Достоевский | страница 20
Не найдя и здесь нравственного успокоения, он слагает с себя схиму и возвращается в деревню, где и жил до самой кончины, не снимая одежды инока-послушника. Это был человек сильных страстей и бурной природы.
Шидловский умер в 1872 году. В конце 70-х годов Достоевский рассказывал друзьям о том «благодетельном влиянии», какое имел на него этот «громадный ум и талант», бесполезно растративший свои силы. «Это был большой для меня человек, и стоит он того, чтоб его имя не пропало…»
Беседы с Шидловским, прогулки с ним по Петербургу и его окрестностям, совместные чтения любимых авторов, журналы и стихи, монологи и философские споры — все это было настоящей «романтической школой», противопоставленной самою жизнью «дрянной, ничтожной кондукторской службе!..».

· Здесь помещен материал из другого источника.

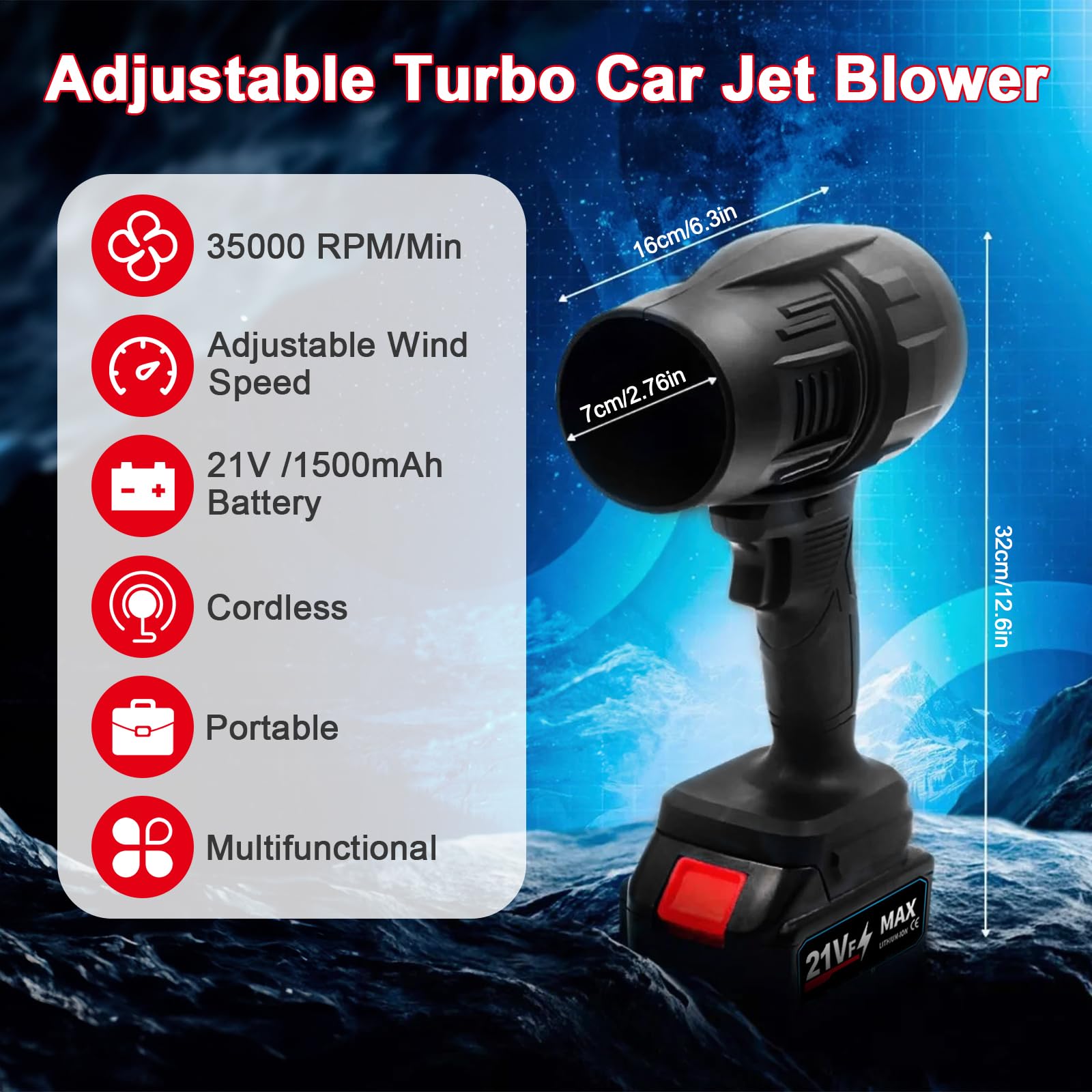 Soplador de Aire para Coche, Soplador de Aire Comprimido con 2 Baterías & Cargador, Turbo Ajustable Soplador, Plumero Portátil de Aire Comprimido para Limpieza del Hogar,Exteriores,Polvo,Hojas,Nieve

После лета 1838 года, прошедшего в страстном чтении, над Достоевским стряслась учебная беда. Несмотря на отличную сдачу осенних экзаменов, он был оставлен на второй год преподавателем алгебры якобы за грубый ответ среди года. Эпизод не вполне ясен, поскольку наказанный кондуктор аттестовался всегда «весьма усердным по службе», «хорошим в нравственности и хозяйстве» и отличался в школьном быту сдержанностью, замкнутостью и даже робостью.

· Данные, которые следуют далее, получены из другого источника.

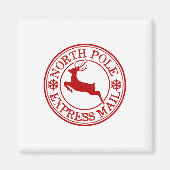 Retro Ouderwetse Noordpool Express Mail Reinde Magneet (Voorkant)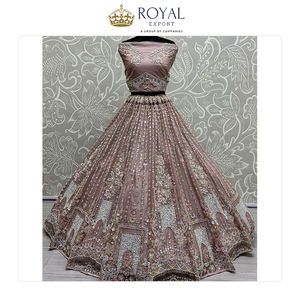 Vêtements indiens de mariage de qualité supérieure, en tissu filet doux avec travail de broderie et de miroir, Lehenga Choli pour mariée - Product Image 2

Вскоре после неудачных экзаменов «в училище случилась ужаснейшая история» (пишет Достоевский отцу). Каковы были происшедшие беспорядки, мы не знаем и можем только догадываться о каком-то массовом протесте, возмущении, демонстрации общего недовольства. «Пять человек кондукторов сосланы в солдаты за эту историю, — добавляет Достоевский, — я ни в чем не вмешан».
Остальной курс он прошел благополучно, с обычным официальным признанием успехов в науках и фронтовых занятиях. Но, внешне исполнительный, он ни на минуту не сдает своих духовных позиций и неуклонно продолжает уединенную творческую работу.
Начитанность Достоевского создала ему почетный авторитет среди товарищей и друзей. Когда осенью 1838 года его посетил в Инженерном замке ревельский приятель брата Михаила Ризенкампф (поступивший в Медико-хирургическую академию), он был зачарован беседой со своим новым знакомым, который вдохновенно читал ему «Египетские ночи» Пушкина и «Смальгольмского барона» Жуковского. Романтический период Достоевского был в самом разгаре. «Он любил поэзию страстно, — вспоминал Ризенкампф, — но писал только прозою, потому что на обработку формы не хватало у него терпения… Мысли в его голове рождались подобно брызгам в водовороте… Природная прекрасная его декламация выходила из границ артистического самообладания».